Let's define L(c) as the maximal length of the sequence which can be built starting with the letter c. Let's build a graph where vertices are letters and edges are words. Each edge is oriented from the first letter of the corresponding word to the last and has the weight equal to the length of the word minus one. The L(c) can be found by using the Ford-Bellman algorithm on this graph. Note, the L(c) could be infinite, if a cycle can be reached from the corresponding vertex of the graph.

We will store the current answer as an array of characters A[i]. For each position in the array A[i] we will store the flag C[i] which is true, if the A[i] is the end of some sequence starting from the beginning of the array and built using the rules from the problem statement. All A[i] at the beginning should be equal to some "empty" character, which should be considered lexicographically later than any other, all C[i] should be equal to false.
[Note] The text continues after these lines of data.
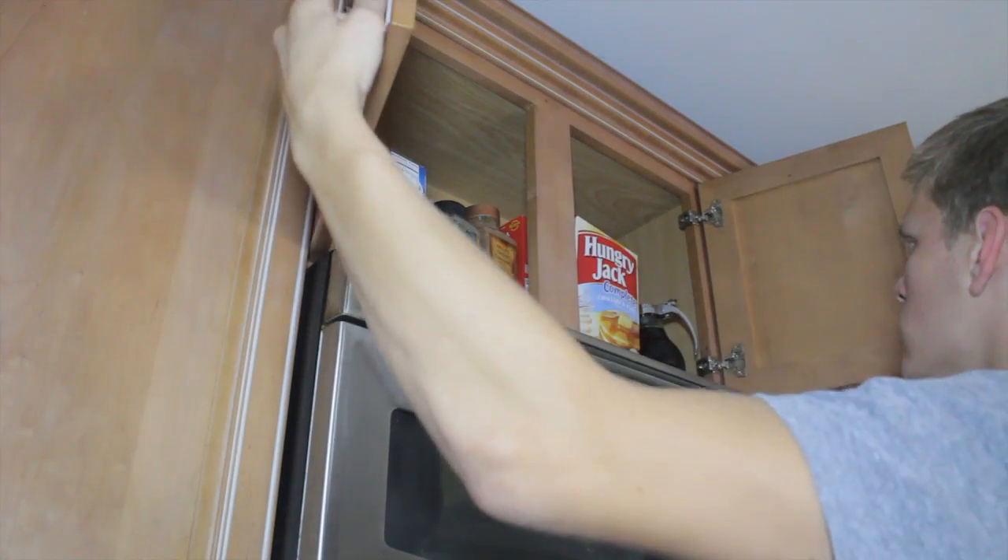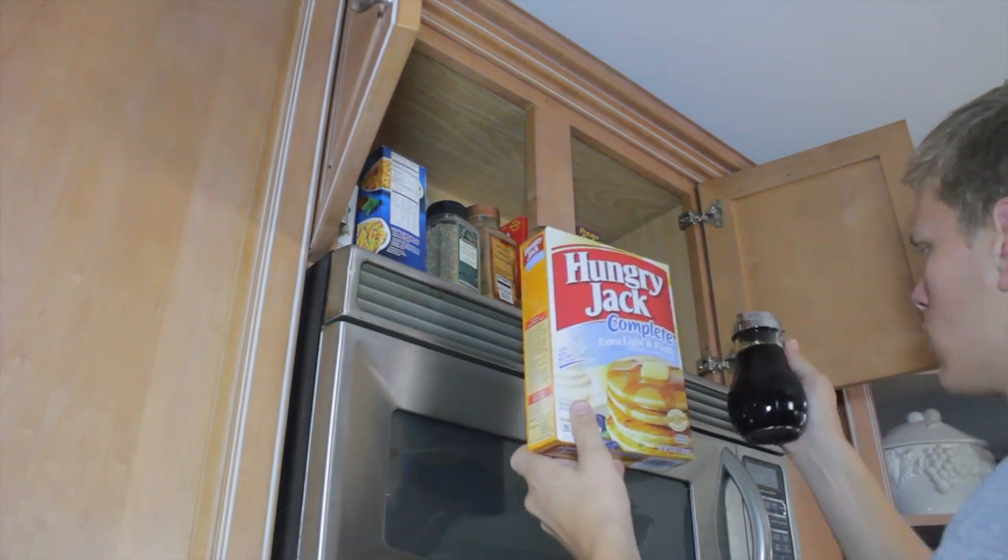The next thing you're going to want to do is check the cabinets. This doesn't always work — usually you only find a box of pancake mix or maybe some old syrup, but still, it's worth a shot.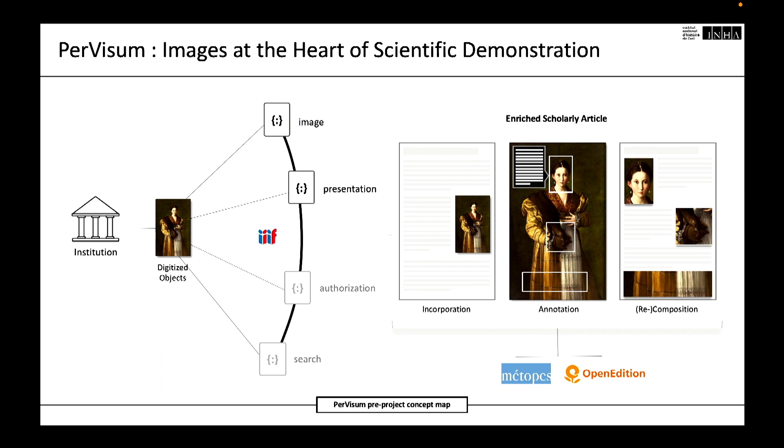Pervisum aims to enhance the tool, environment, and service offering of the Métope National Infrastructure for Public Scientific Publishing.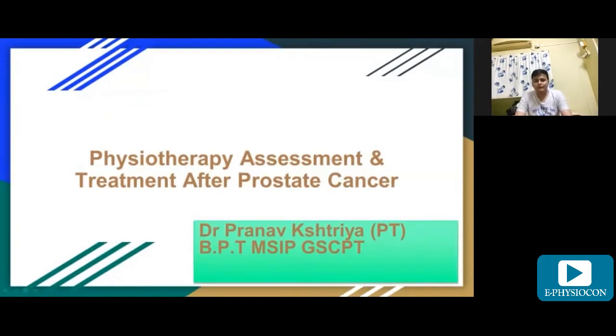Hello everyone, my name is Pranav Shatriya. I am a physiotherapist working in a private clinic and I am from Gujarat. Today my topic for discussion will be physiotherapy assessment and treatment after prostate cancer.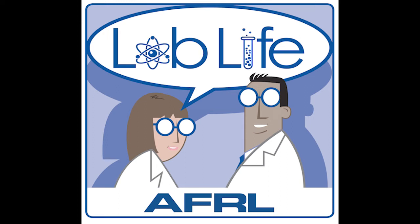Welcome to Lab Life with the Air Force Research Laboratory. Hi, I'm Michelle. And I'm Kenneth. Today, we're sitting down with Carrie Ann Hobbs, who's a rocket scientist for the Air Force Research Laboratory.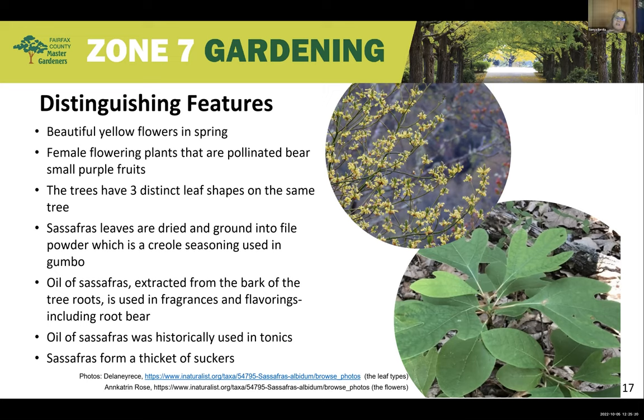Historically, sassafras leaves were dried and ground into a powder called filé powder, used in Creole seasoning and gumbo. Oil extracted from the bark of the roots was used in fragrances, flavorings, including sassafras root beer, and tonics. However, sassafras is now considered carcinogenic, so it is no longer used in these ways. You will no longer find the root beer or filé seasoning, and the leaves should not be used to make tea.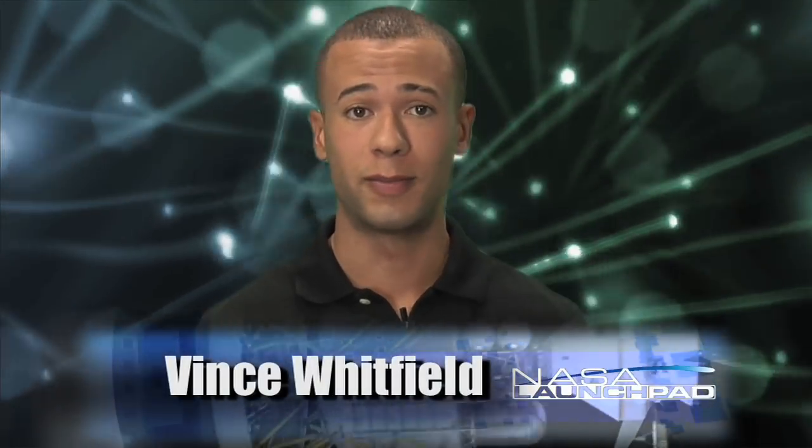Hi folks, welcome to NASA Launch Pad. I'm your host, Vince Whitfield. Let's get started.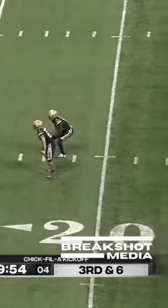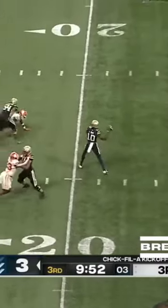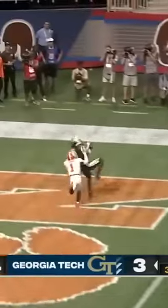A couple of guys around you. David Green's coming. Simms, with time waiting, fires end zone. Got him in!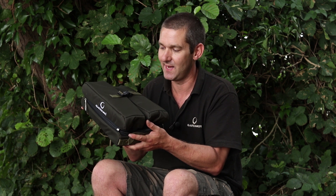Tidy, nice, neat, organised — that's what you need when you go fishing.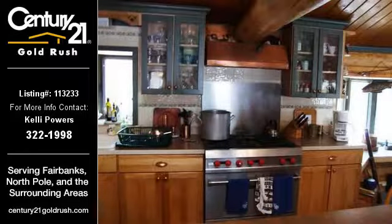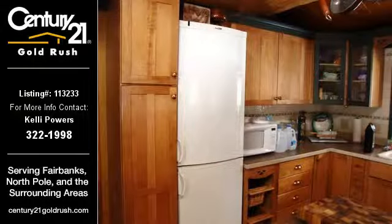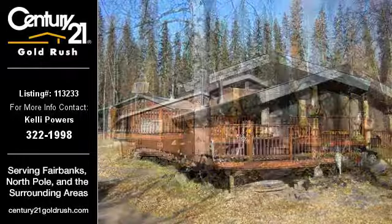For more information on this listing or help finding your next property, contact Century 21 Gold Rush by calling 322-1998.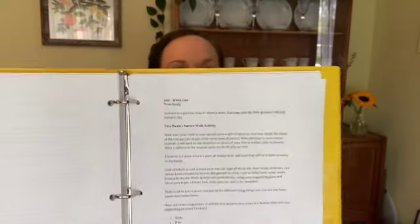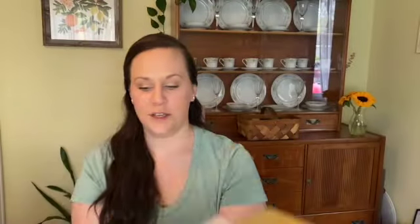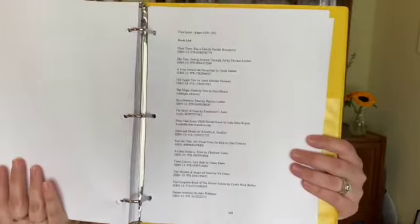Week one in July is right here, and we're going to be learning all about trees. We're going to read lots of books about trees and talk about trees as a habitat. I'm going to be checking out books from the library — there is a recommended book list in here each week. I'll look for those at my library and possibly pick some up on Amazon. We don't have unlimited funds, so we'll do as much of it as we possibly can.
The following pseudo-code shows the algorithm of the solution:

```  for i = 0..len-1 {
if (i > 0) and (not C[i]) continue;
foreach Word in dic {
if (i + length(Word) + L(last symbol of Word) < len) continue;
if (A[i] is not empty) and (Word[0] != A[i]) continue;
S = substring of A starting on the i-th position
with length equals to the length of Word;
if (Word > S) continue;
if (Word == S) C[i + length(Word) - 1] = true;
if (Word < S){
Pos = i + position of the first character which differs in Word and S;
for j = pos..index of the last non-empty character of A {
C[j] = false;
}
for j = 0..length(Word) - 1 {
A[i + j] = Word[j];
}
for j = i+length(Word)..index of the last non-empty character of A {
A[j] = empty;
}
C[i + length(Word) - 1] = true;
}
}
}
```

The answer will be the part of the A from the beginning to the first i>=len-1 for which C[i] is true.